2019 Volume 2019 Issue 197 Pages 197_10-197_25
The first wave of modern scholarship on Chinese diplomacy began as a form of international political history which drew upon foreign sources. Following the publication in 1929-30 of the Chouban yiwu shimo 籌辦夷務始末 (lit. the management of barbarian affairs from A to Z; hereafter CBYS), the possibility of exploring Chinese diplomatic history from the Chinese perspective finally became a reality. However, scholars who made use of the collection were inevitably experts whom were versed in the methodologies and approaches of the Western school of diplomatic history. Their readings of the CBYS were thus predicated on Western paradigms, leading to a skewed understanding of the historical realities and circumstances which underpinned the context in which the collection’s documents were penned by Qing bureaucrats in the 19th century. More specifically, their readings failed to be conducted in line with the autochthonous Qing perspective, or tianchao dingzhi 天朝定制.
Many scholars have perceived the Zongli Yamen 総理衙門, established in 1861, as performing the function of a foreign office. However, from the outset, Qing bureaucrats limited the scope of the institution’s functionality, curtailed its scale and authority, and planned for its eventual abolition. Similar characteristics can also be observed in debates in the early 1860s surrounding the role of the Minister Superintendent of Trade. Zeng Guofan 曾国藩, for instance, articulated his institutional vision for this role from the standpoint that trade was an issue which was of an identical nature to domestic tax collection. In other words, while the Qing did establish new institutions and roles for the handling of foreign affairs, it nevertheless planned from the start to limit their functionality, curtail their scope and, eventually, abolish them in favor of a more traditional solution. The key focus for the Qing when it came to institutional change in the mid-19th century was, therefore, not what had changed, but how to reinstate former precedents in place of of these changes.

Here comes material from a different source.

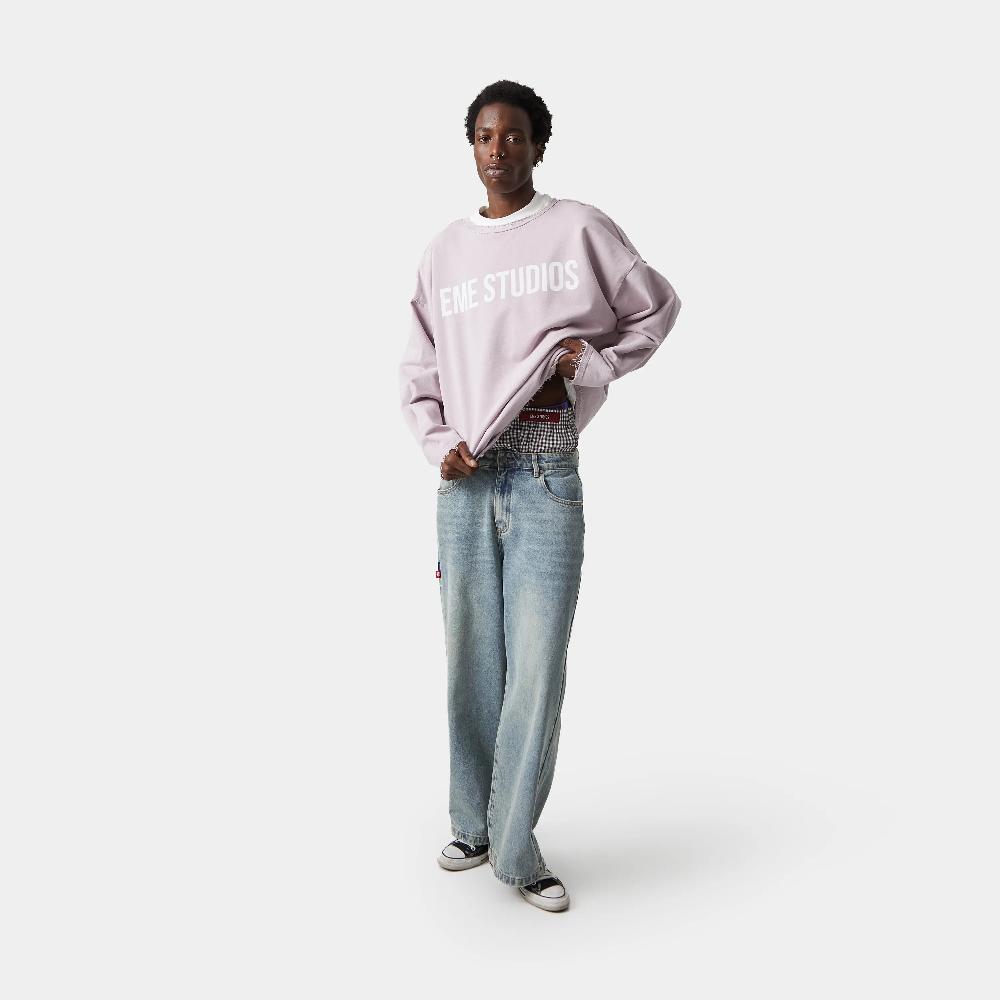 Eme Hectic Calcite Reverse Crewneck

In the 1860s, the instigators of internal rebellions (such as the Taipings) and foreign powers (such as Russia) were all, for the Qing, comparable entities in that they did not genuflect to the authority of the Celestial Empire (tianchao 天朝). For this reason, all were categorized as “foreign entities” (yiwu 異物). During the compilation of the CBYS, both foreign relations and domestic problems were treated indiscriminately, and the collection did not draw any distinctions between internal insurgencies and foreign threats. At this juncture then, the Qing did not pursue a “foreign policy” in the way which we understand it today; rather, it pursued a foreign policy which addressed foreign entities in the domestic context only.